One of the film’s most powerful images comes in the final scene: a hand emerging from the rubble, wearing a ring associated with Qasem Soleimani, the late commander of Iran’s Quds Force. Throughout the film, cardboard cutouts of Soleimani appear in courtrooms, reinforcing the omnipresence of state propaganda. The same ring is first noticed by Sana when she glimpses it on her father’s hand during an interrogation and later on the steering wheel of his car. In that moment, she makes up her mind to resist him.

Rasoulof masterfully highlights how young Iranians, despite the regime’s censorship, remain informed through social media. Just as they follow the news on their phones, they also learn how to use weapons via YouTube—a reality Iman only grasps in his final moments, his face frozen in disbelief.

As his paranoia deepens, Iman takes his family to his childhood home in Yazd—a historic desert city known for its ancient architecture and religious traditions. The house, with its solitary confinement-like rooms, becomes a prison for Najmeh and Rezvan, while Sana manages to escape. She hides in an abandoned part of the property, filled with relics from old religious ceremonies.

While searching for tools of resistance, she finds two old cassette tapes and plays one in a recorder. The second song is by Marzieh, a beloved Iranian singer who was forced into exile after the 1979 revolution and became a vocal critic of the regime.

The film’s precise depiction of interrogators, the act of interrogation, and the characteristics of the regime’s oppressive apparatus stems from Rasoulof’s personal experience as a political prisoner in Iran since 2012. Viewers might expect him to portray the torture and interrogation of political detainees from the Woman, Life, Freedom movement, but instead, he chooses to focus on Iman interrogating his own family. His wife, trapped between the benefits of her husband’s position and the suffering of their daughters, has no real choice—she, too, becomes a victim of his violence.

The Seed of the Sacred Fig was secretly filmed in Iran and edited in Germany after Rasoulof’s clandestine escape. It premiered at the 77th Cannes Film Festival, where it won the Special Jury Prize. Throughout the film, Rasoulof incorporates real footage from the Woman, Life, Freedom protests, bridging the fictional world of Iman’s household with the stark reality of Iranian streets in 2022. If The Seed of the Sacred Fig wins this year’s Oscar, these protest scenes will once again reach a global audience.

However, Rasoulof faces stiff competition in the Best International Feature category—particularly from Emilia Pérez, a powerful and critically acclaimed contender.

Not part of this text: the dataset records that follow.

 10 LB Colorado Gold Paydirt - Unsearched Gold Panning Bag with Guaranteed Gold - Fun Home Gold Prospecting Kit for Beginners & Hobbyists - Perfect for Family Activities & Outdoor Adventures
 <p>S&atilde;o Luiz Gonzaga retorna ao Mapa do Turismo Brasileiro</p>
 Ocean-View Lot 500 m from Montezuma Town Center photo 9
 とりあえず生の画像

The Seed of the Sacred Fig is more than a film—it is an act of defiance. Through its gripping narrative, sharp symbolism, and unflinching portrayal of power and resistance, Rasoulof delivers a cinematic indictment of Iran’s oppressive regime. This is not just a story about one man’s downfall but about a generation’s fight for justice. Whether or not it takes home the Oscar, the film has already left its mark—both as a work of art and as a historical document of a nation in upheaval.